Perhaps if you start digging into something, we can all throw our 2 cents in. Would be cool if someone could up load the score...


----------



## Lisztfreak

I've got a rather off-topic question for anyone who knows something about instrumentation. I've been wondering if a chamber-orchestra combination of 3 flutes (one of which possibly piccolo), 2 clarinets, 2 violins, 2 cellos, a harp and a tabor drum would be balanced? Plus 3 to 5 male singer voices (say, 2 tenors, baritone and bass). 

I'm asking because I thought how cool it would be to put the dwarves' song from The Hobbit to music.


----------



## danae

Lisztfreak said:


> I've got a rather off-topic question for anyone who knows something about instrumentation. I've been wondering if a chamber-orchestra combination of 3 flutes (one of which possibly piccolo), 2 clarinets, 2 violins, 2 cellos, a harp and a tabor drum would be balanced? Plus 3 to 5 male singer voices (say, 2 tenors, baritone and bass).
> 
> I'm asking because I thought how cool it would be to put the dwarves' song from The Hobbit to music.

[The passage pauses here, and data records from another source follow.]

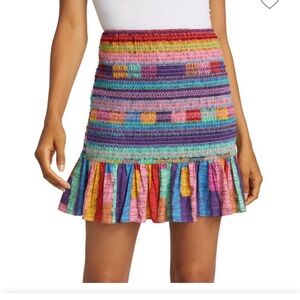 Farm Rio Embroidered Stripes Mini Skirt L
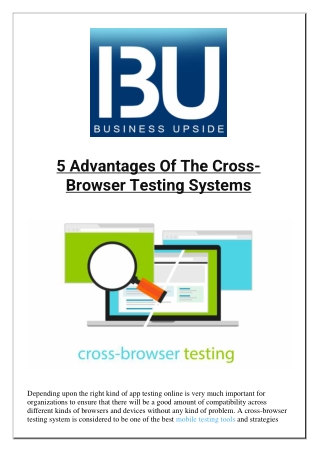 5 Advantages Of The Cross Browser Testing Systems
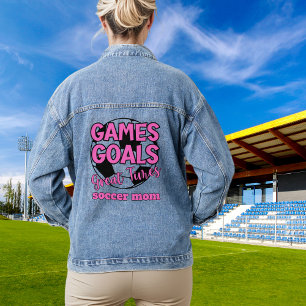 Soccer Mom Game Goals Great Times Funny Denim Jacket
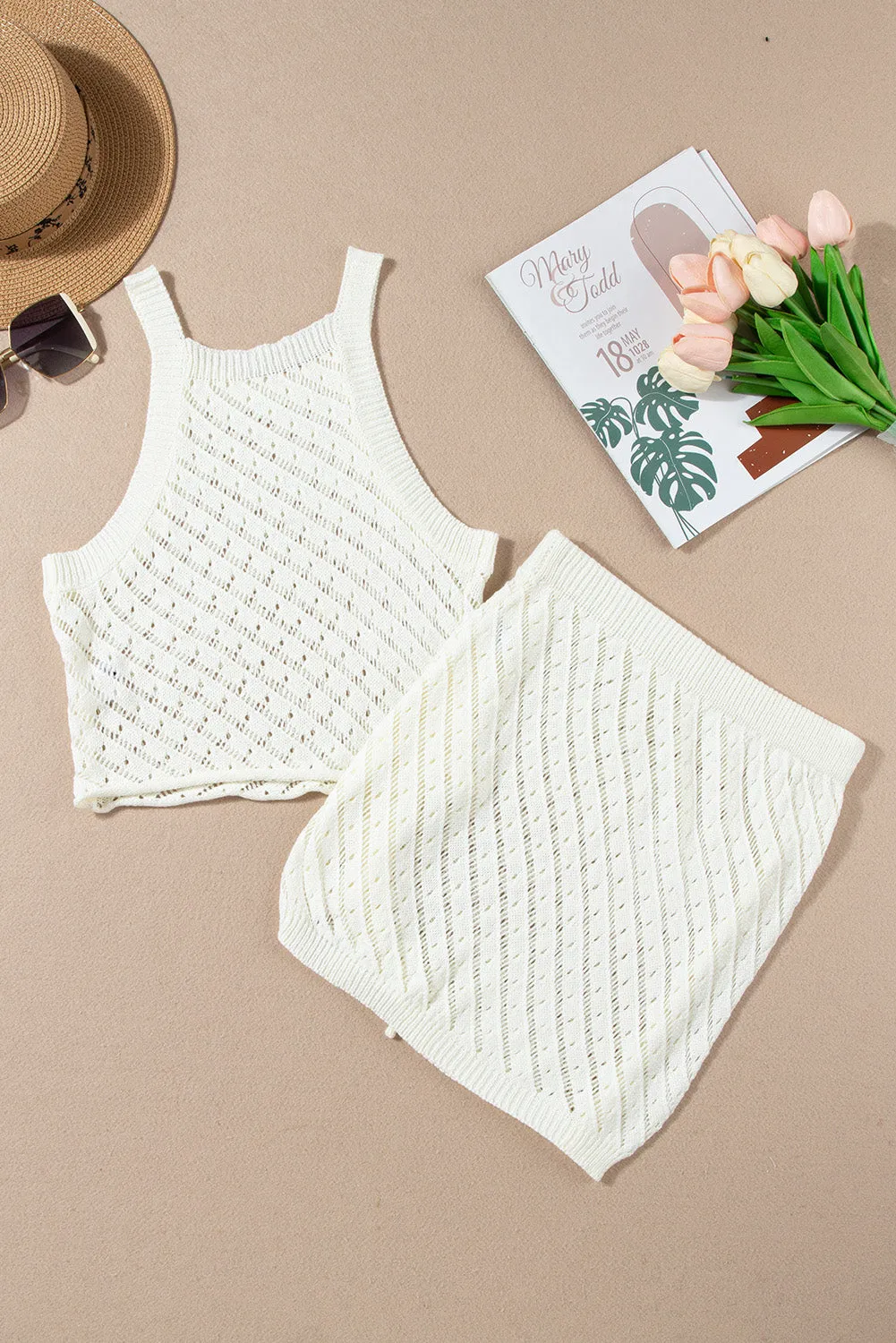 Hazel Blues® |  Openwork Sleeveless Top and Drawstring Skirt Cover Up Set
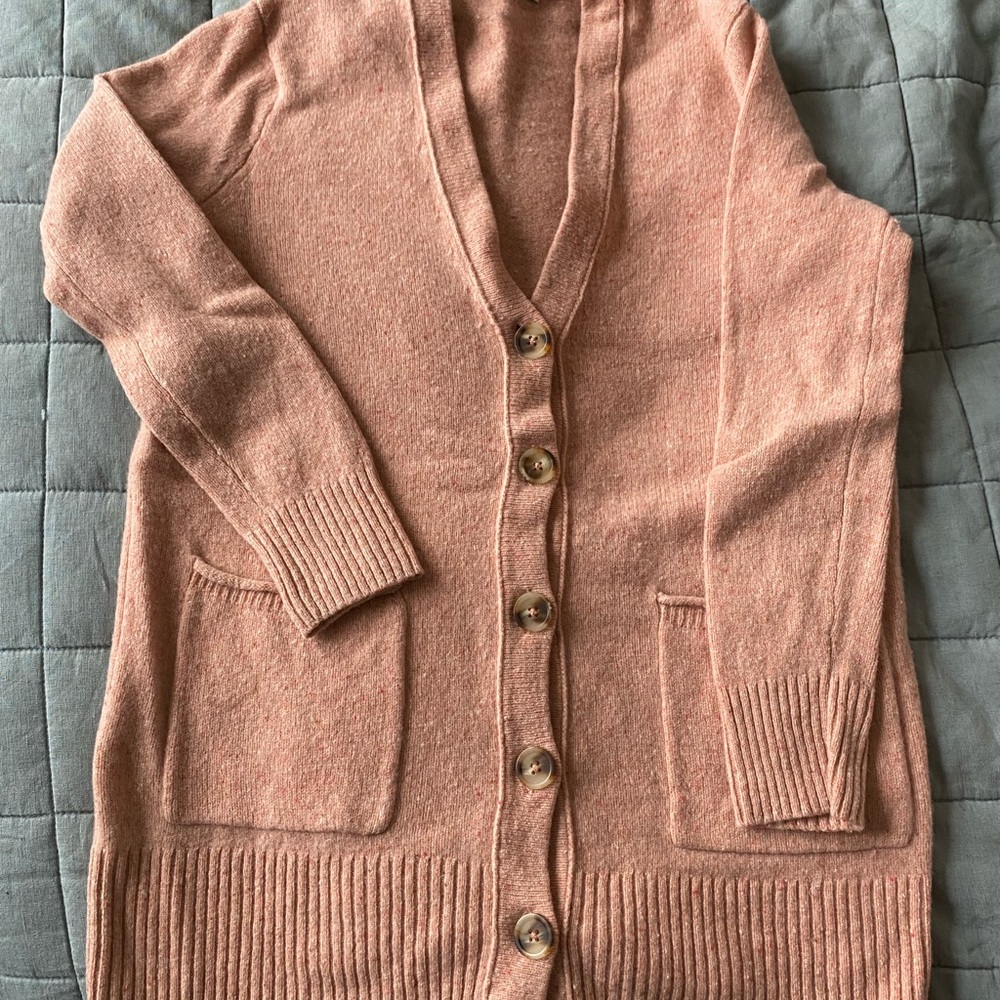 Madewell Button-Up Cardigan - Peach - 100% Merino Wool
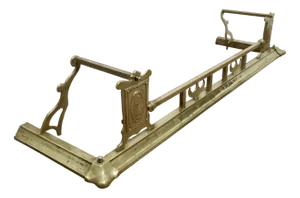 Large Victorian Art Nouveau Brass Fender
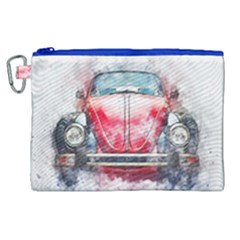 Red Car Old Car Art Abstract Canvas Cosmetic Bag (xl)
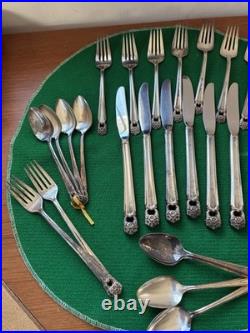 1941 Silver Plated Dining Silver Ware By 1847 Roger's Bros 30 Pieces Art Deco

I think any combination can be balanced, if you know how to balance it, in other words, if you know how to orchestrate a piece or transcribe it for a different ensemble. There are many cases in which you are required to write something for a sometimes weird combination, and you need to have the skill to make it work. I don't think your combination is so unbalanced, although I think you may trouble when you just use only one percussion instrument in such a combination.


----------



## Lisztfreak

danae said:


> I think any combination can be balanced, if you know how to balance it, in other words, if you know how to orchestrate a piece or transcribe it for a different ensemble. There are many cases in which you are required to write something for a sometimes weird combination, and you need to have the skill to make it work. I don't think your combination is so unbalanced, although I think you may trouble when you just use only one percussion instrument in such a combination.


Thanks a lot for your opinion! Not enough percussion, you think? I have in fact copied the instrumentation from the book itself, Tolkien says exactly which dwarf plays which instrument. Of course, Tolkien was no musician.

What other percussion instrument might I add? How about a tambourine and a glockenspiel?


----------